Lot Details & Additional Photographs
Dated 1974, woodblock print, large print in bright colors of a lush summer garden with a myriad of flowers and plants creating a bright happy composition, with a red artist seal to lower right corner of image, pencil signed by artist, Jun Sekino, in lower margin together with edition number 18/128, and date 1974, presented floating above mat with clear corner holders under glass in gilt wood frame.
Frame dimensions 36 1/2 x 28 1/2 in., Sight size 31 1/2 x 22 1/4 in.
Collection of Michael and Ingrid Kelly, Worldwide Gallery Antiques, Fredericksburg, Virginia From the personal collection of antique gallery owners Michael and Ingrid Kelly who owned Worldwide Gallery Antiques, dealing with antiques for over sixty-five years, retiring to Fredericksburg, Virginia, where they filled their own residence with Asian and Belle Epoch fine arts and antiques.

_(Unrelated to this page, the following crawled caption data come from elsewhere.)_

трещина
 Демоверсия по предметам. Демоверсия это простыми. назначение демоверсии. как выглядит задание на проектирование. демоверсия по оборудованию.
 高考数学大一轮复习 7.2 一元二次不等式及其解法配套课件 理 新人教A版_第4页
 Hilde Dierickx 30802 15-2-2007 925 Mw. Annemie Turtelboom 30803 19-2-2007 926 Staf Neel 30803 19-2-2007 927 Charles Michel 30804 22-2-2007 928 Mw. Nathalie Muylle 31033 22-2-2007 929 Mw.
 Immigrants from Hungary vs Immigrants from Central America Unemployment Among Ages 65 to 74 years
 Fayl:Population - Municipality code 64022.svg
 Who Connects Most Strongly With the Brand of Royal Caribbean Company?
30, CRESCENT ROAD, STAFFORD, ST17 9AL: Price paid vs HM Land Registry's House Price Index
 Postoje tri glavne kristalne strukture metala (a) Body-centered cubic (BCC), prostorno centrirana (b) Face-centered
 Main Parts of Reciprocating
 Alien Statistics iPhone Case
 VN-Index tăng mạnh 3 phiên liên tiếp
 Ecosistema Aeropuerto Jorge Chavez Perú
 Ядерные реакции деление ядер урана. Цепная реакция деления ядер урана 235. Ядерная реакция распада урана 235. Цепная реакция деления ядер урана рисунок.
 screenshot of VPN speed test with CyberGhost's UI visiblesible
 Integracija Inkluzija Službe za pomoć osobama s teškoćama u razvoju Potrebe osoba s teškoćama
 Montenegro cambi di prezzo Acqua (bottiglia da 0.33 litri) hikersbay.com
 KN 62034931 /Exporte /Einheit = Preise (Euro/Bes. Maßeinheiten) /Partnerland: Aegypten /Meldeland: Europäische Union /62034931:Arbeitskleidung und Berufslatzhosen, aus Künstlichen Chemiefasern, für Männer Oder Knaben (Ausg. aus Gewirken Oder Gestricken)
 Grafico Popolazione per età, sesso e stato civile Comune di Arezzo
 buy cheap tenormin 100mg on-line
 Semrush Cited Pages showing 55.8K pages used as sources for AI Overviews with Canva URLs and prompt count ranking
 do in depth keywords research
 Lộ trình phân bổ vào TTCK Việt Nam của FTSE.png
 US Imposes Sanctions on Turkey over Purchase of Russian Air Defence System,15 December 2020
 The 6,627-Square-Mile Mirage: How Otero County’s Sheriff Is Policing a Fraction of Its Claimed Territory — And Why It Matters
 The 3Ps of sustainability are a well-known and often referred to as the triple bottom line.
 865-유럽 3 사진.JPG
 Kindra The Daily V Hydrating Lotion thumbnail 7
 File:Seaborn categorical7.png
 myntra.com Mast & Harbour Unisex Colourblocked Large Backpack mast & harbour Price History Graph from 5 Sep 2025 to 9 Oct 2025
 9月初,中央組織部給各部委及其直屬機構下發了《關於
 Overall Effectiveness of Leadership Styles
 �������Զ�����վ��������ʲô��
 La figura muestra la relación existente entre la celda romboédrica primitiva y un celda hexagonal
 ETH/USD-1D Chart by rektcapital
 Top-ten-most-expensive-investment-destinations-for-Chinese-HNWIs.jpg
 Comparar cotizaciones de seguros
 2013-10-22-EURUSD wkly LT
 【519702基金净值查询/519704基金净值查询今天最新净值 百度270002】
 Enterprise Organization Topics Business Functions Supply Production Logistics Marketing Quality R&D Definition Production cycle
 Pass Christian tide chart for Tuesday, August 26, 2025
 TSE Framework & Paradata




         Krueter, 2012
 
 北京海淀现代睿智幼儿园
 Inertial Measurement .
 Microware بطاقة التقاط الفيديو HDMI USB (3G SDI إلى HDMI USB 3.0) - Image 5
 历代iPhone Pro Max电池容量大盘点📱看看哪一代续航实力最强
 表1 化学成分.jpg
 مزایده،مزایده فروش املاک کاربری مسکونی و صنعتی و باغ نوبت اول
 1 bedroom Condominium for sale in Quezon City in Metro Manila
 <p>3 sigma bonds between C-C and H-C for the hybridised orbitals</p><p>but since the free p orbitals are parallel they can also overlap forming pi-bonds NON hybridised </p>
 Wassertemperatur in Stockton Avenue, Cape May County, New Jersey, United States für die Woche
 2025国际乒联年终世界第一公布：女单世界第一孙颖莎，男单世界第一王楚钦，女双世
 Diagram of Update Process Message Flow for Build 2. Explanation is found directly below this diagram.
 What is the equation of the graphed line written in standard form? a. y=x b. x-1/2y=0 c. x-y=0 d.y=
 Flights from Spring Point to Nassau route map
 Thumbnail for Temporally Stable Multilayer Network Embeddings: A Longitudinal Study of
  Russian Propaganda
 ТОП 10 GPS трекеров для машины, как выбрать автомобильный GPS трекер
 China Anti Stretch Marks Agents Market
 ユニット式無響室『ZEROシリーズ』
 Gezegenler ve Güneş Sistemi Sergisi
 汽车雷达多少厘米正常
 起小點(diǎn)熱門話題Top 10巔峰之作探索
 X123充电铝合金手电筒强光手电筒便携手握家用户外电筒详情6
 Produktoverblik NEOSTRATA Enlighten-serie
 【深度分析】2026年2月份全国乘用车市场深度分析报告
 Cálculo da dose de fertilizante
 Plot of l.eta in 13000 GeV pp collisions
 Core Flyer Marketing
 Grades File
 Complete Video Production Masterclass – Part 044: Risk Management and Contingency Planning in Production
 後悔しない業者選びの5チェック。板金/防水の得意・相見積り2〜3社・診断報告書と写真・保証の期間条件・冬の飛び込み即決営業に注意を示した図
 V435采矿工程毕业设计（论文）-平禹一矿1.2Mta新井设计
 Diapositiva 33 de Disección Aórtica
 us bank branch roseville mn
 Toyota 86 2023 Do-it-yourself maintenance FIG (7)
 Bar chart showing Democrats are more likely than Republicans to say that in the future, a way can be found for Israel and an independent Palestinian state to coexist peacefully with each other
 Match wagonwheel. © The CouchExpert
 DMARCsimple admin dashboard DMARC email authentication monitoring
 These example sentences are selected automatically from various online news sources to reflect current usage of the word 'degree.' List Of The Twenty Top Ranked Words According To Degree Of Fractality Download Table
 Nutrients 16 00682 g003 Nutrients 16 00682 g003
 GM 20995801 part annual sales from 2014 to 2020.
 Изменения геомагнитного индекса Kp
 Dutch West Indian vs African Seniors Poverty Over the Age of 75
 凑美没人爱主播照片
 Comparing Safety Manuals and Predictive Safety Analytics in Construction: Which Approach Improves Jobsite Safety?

Jun'ichiro Sekino was a Japanese printmaker best known for his portraits of kabuki actors, sumo wrestlers, and geishas. His woodblock prints were completed in a style that merged both Western and Japanese aesthetics. The artist went on to study under Koshiro Onchi, the founder of the sosaku-hanga movement, which encouraged self-expression in artists. It was with Onchi in Tokyo where Sekino learned Japanese woodblock printing, Western-style etching, and painting. He won the Teiten Prize for etching in 1936, became a member of the Nihon Hanga Kyokai (Japan Print Association), and began teaching at Kobe University in Japan in 1965. Sekino died in 1988 in Tokyo, Japan. His works are in the collections of the Art Institute of Chicago, The Museum of Modern Art in New York, and the Museum of Fine Arts in Boston, among others.
The prints on offer here by Sekino show a rare side of the artist as he looks at traditional Japanese landscapes and interprets them in abstract manner with vivacious colors.
Good condition; light even overall toning to margin; two small creases to right side margin; some wear and loss to frame; not examined outside of the frame.